Não querem o trevo da sorte,
Dispensaram o pé de coelho.
Aqueles da "casa forte",
Levando nem ficam vermelhos.
Chegaram lá com promessas
Para resolver a questão,
Mas tudo ficou às avessas,
Só vivendo no "bem-bom".
Encontraram a Galinha Aster,
Que bota ovos de montão.
Sendo todo esse grande tesouro
Pertencente à população.
Agora largaram a teta,
Preferindo o poleiro;
Querem clonar na proveta
Para aumentar nosso dinheiro.
Tem gente que não tem pão,
Está quase beirando a sarjeta.
Culpados dessa situação:
Quem mamou e secou a teta.
Abateram a pobre vaquinha,
Não sobrou nem o couro,
Depois que acharam a Aster
Que bota ovos de ouro.
Agora sou São Tomé:
Estou esperando para ver.
Pode falar quem quiser,
Mas ninguém irá resolver.
Enquanto a "pobre coitada"
Botar lá no celeiro,
A coisa vai ficar parada...
Acordem povo brasileiro!
Geremias
WhatsApp (55) 11 9 74307750
Escrevi este poema num suspiro de indignação e esperança.
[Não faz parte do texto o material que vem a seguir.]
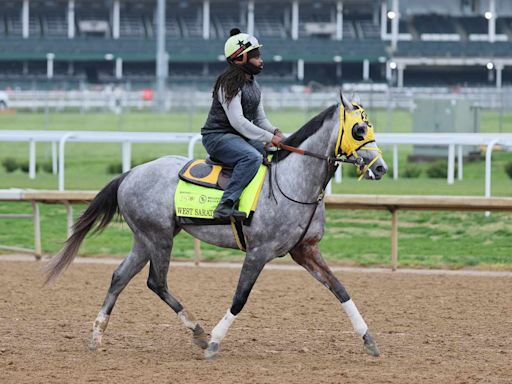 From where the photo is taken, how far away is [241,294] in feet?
25.1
A fábula da galinha dos ovos de ouro, contada a crianças há séculos, carrega uma lição cruel: quem mata a fonte da riqueza por ganância, perde tudo. Olhei para o Brasil e vi essa fábula repetida em escala nacional — não por ingenuidade, mas por cálculo.
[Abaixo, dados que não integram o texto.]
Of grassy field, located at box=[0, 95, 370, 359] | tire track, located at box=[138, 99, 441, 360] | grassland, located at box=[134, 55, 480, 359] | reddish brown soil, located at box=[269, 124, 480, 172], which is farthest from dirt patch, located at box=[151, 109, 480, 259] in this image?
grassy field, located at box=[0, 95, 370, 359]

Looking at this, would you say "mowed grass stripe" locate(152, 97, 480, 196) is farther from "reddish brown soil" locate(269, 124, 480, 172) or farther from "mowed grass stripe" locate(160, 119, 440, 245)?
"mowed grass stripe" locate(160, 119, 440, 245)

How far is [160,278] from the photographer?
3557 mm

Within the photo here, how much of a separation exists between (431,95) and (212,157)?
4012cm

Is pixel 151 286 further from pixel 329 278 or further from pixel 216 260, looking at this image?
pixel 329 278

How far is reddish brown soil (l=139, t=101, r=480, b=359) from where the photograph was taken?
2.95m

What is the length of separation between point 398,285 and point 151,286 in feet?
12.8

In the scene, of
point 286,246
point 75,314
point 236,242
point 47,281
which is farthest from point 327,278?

A "Galinha Aster" é metáfora de nossos recursos naturais, do pré-sal aos biomas, da agricultura à criatividade do povo. Um tesouro que, por direito, pertence à população. Mas vimos a "vaquinha" — a economia real, o pequeno produtor, o serviço público essencial — ser abatida enquanto se aposta tudo num "ovo de ouro" especulativo, clonado em laboratórios de ilusão econômica.
Não sou de esquerda nem de direita. Sou do lado de quem não tem pão. E quando vejo promessas virarem "bem-bom" para poucos enquanto outros beiram a sarjeta, calar seria cumplicidade.
O final, antes passivo, agora clama: "Acorda, povo brasileiro!" Porque a crítica só vale se abre caminho para a ação. E a arte só cumpre seu papel quando devolve ao povo o espelho — não para que se lamente, mas para que se reconheça e se levante.
Que esta música, se virar música, seja semente. Não sermão.